German Chancellor’s Refusal to Shake Hands at G20 Summit Criticized as Counterproductive

The decision of German Chancellor Olaf Scholz and Foreign Minister Annalena Bärbock to refrain from shaking hands with Russian Foreign Minister Sergei Lavrov during the G20 summit in India has drawn criticism.


Focus columnist Ulrich Reitz has expressed the view that this gesture was aimed at portraying Moscow as isolated, but he argues that it is an ineffective approach that lacks diplomatic finesse.

Isolation Narrative and Its Flaws

Reitz points out that the refusal to shake hands with Lavrov was an attempt to depict Russia as isolated on the international stage. However, he highlights two key flaws in this strategy.

Firstly, he asserts that Russia is not truly isolated, given its active engagement with countries like those in the BRICS coalition. Secondly, he believes that such symbolic actions serve no practical purpose and instead reinforce self-righteousness without achieving diplomatic objectives.

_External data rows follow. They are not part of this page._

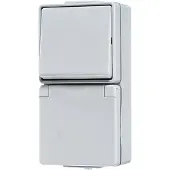 JUNG JG APWG WG 600, combinatie van 676W, Schuko-stopcontact en wisselcontact, grijs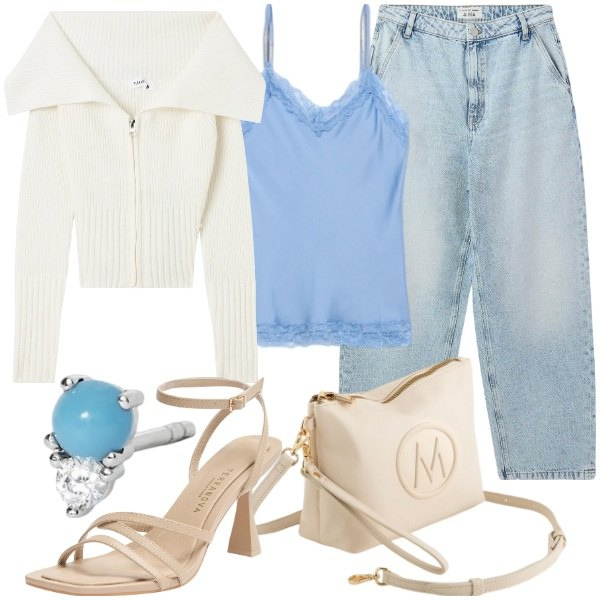 Outfit donna - Azzurro. Stile Casual chic per Serata fuori. Abbinamento con cardigans, sandali col tacco, jeans, orecchini, top, valigie.
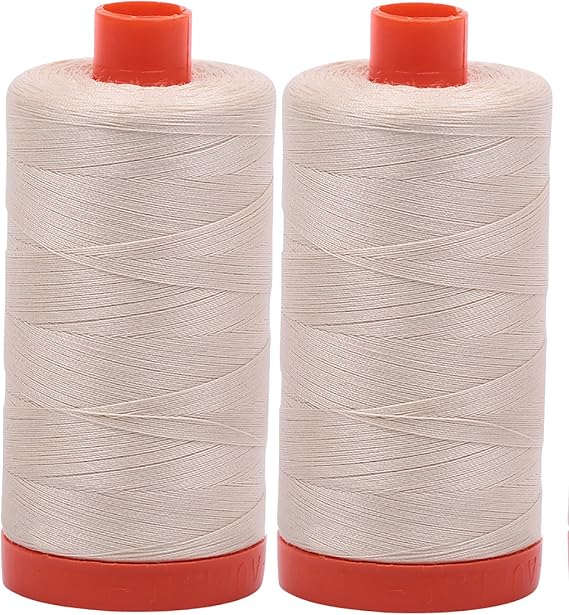 Aurifil Mako 50wt Thread 2 Large Spools: Light Beige (2310x2)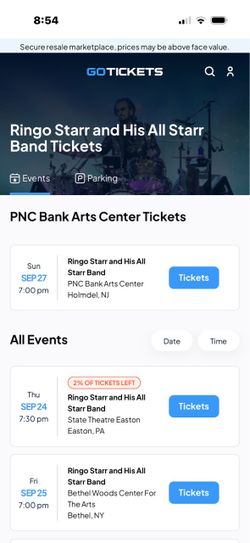 Ringo Star Tickets (2) at Bethel Woods 9/25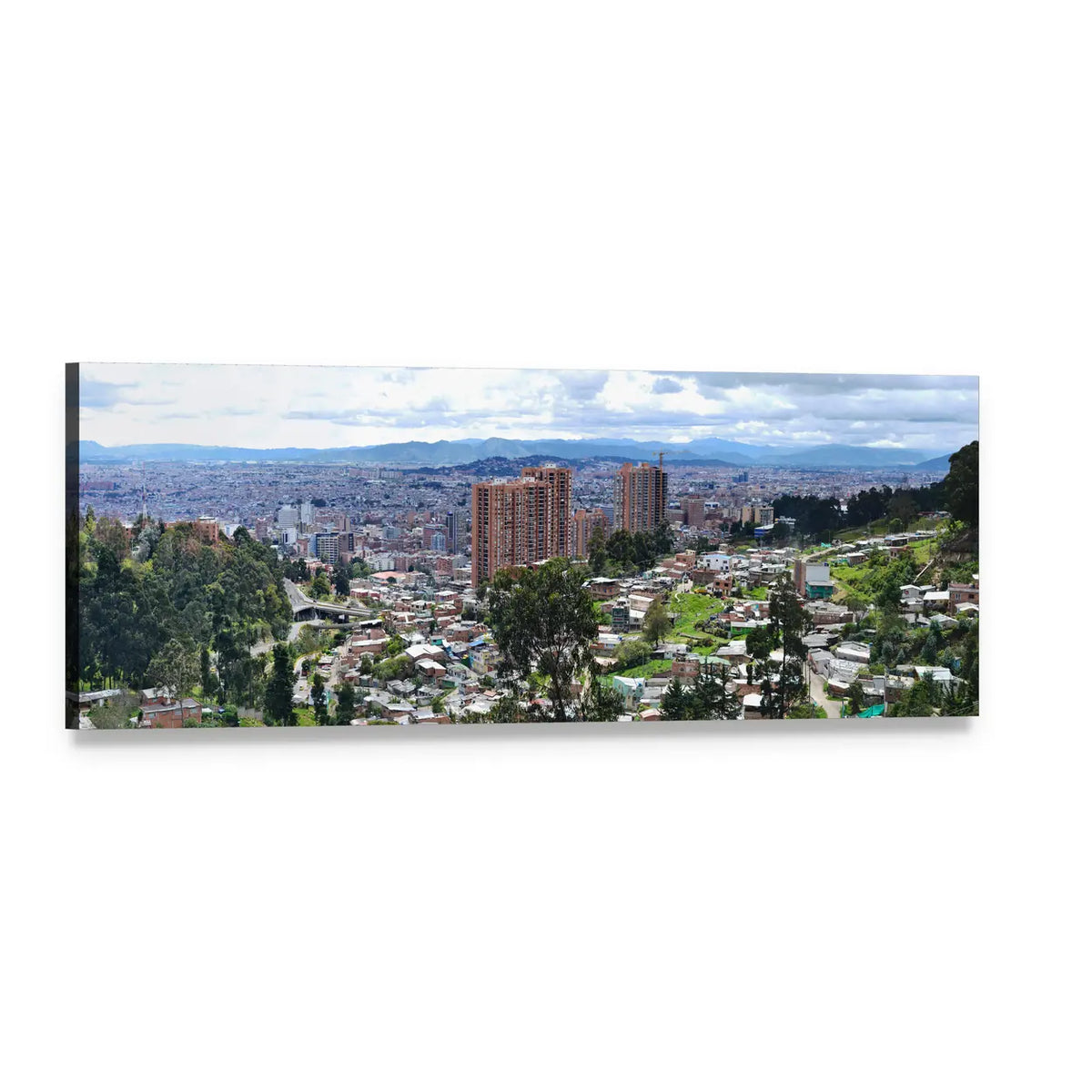 Bogota Urban Landscape Panoramic Canvas Wall Art, single panel gallery wrapped canvas, angled product view
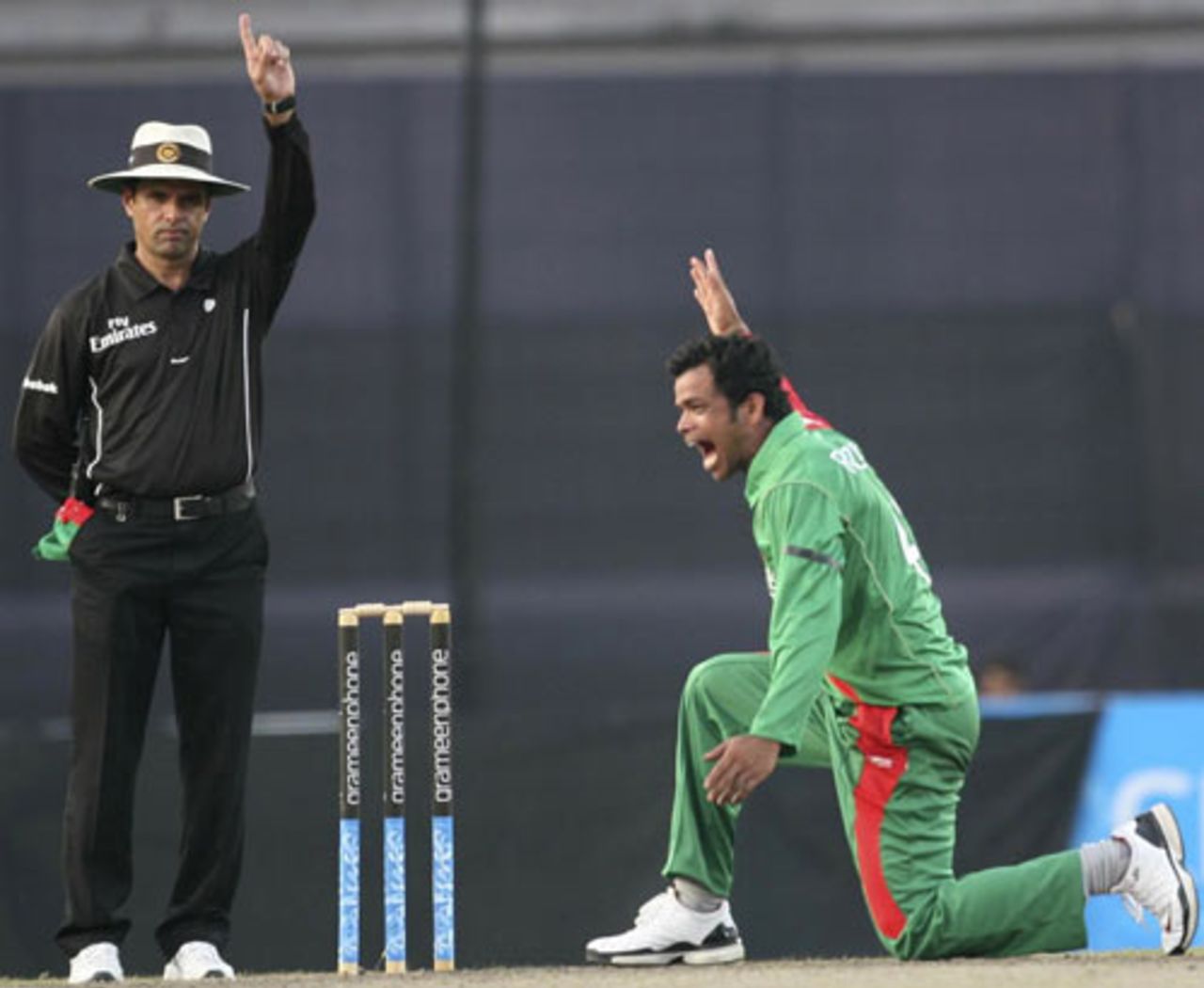 Abdur Razzak celebrates after umpire Aleem Dar lifts the finger, Bangladesh v Zimbabwe, 2nd ODI, Mirpur, October 29, 2009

Symbolic Policy Criticized

Reitz characterizes this approach as a “demonstrative” and “symbolic policy” that lacks substance. He believes that it is counterproductive and ultimately a display of weakness rather than a strategic diplomatic maneuver. He emphasizes that diplomacy should prioritize seeking mutual understanding and cooperation rather than symbolic gestures.

Complex G20 Summit

The G20 summit in New Delhi was described as one of the most challenging in the forum’s nearly fifteen-year history. Svetlana Lukash, Russia’s G20 Sherpa, attributed these challenges to disagreements over issues like Ukraine and broader topics such as climate change and the transition to low-carbon energy systems.

In summary, the refusal to shake hands with the Russian foreign minister at the G20 summit has sparked debate, with critics like Ulrich Reitz arguing that such symbolic gestures lack diplomatic efficacy and undermine the pursuit of mutual understanding in international relations.